What you have to do
From the records below, please print only the lines from the one containing "extant_XenaWarriorPrincess_2x16-ForHimtheBellTolls_02356" through the one containing "3 inches Black", both included. Skip the pictures.

Information
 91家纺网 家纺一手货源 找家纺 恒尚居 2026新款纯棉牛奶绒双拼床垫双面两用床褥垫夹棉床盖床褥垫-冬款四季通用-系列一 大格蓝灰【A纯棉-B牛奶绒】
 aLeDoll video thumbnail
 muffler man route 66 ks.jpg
...
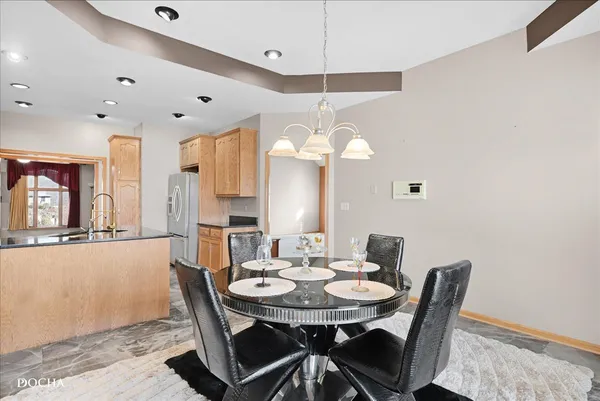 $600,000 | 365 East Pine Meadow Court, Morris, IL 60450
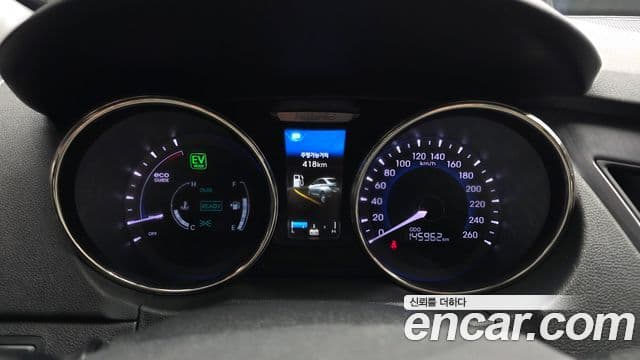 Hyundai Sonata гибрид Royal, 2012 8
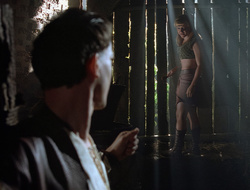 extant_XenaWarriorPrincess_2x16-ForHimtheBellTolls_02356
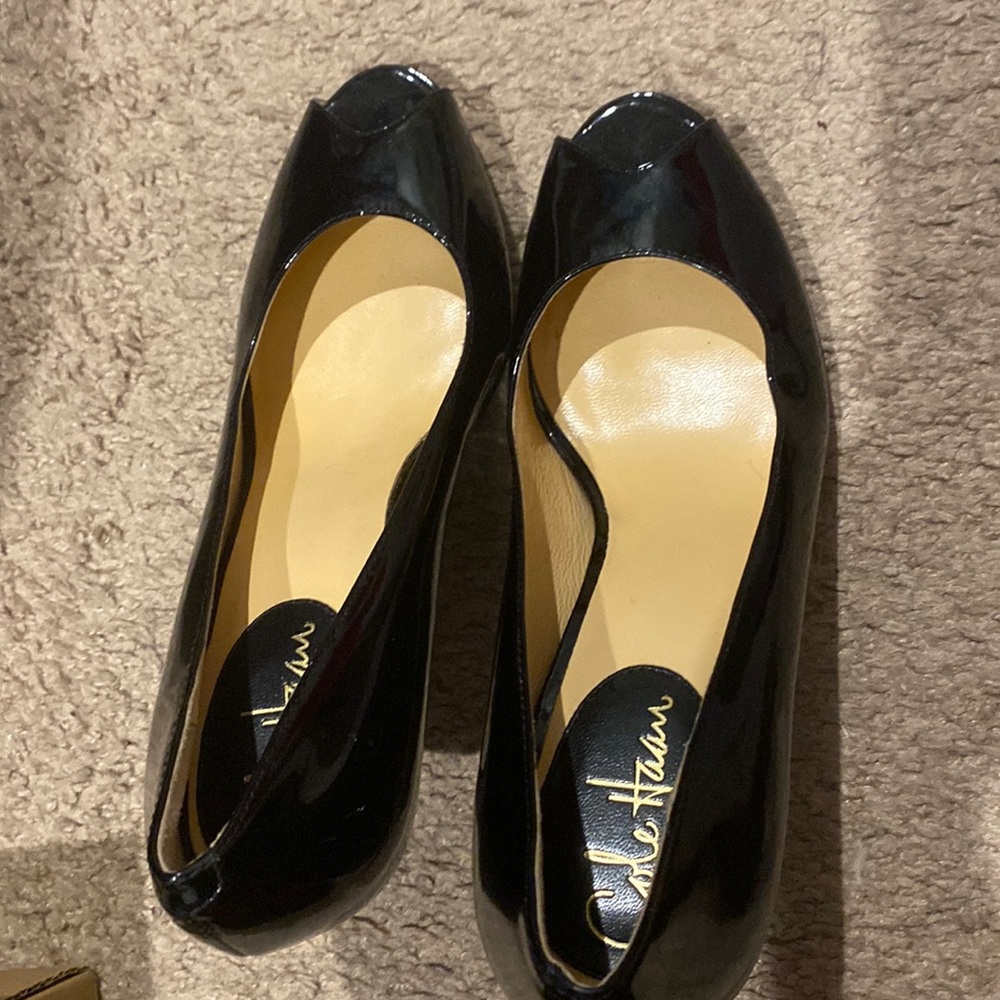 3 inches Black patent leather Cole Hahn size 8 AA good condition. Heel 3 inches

Problem solution
 extant_XenaWarriorPrincess_2x16-ForHimtheBellTolls_02356
 3 inches Black patent leather Cole Hahn size 8 AA good condition. Heel 3 inches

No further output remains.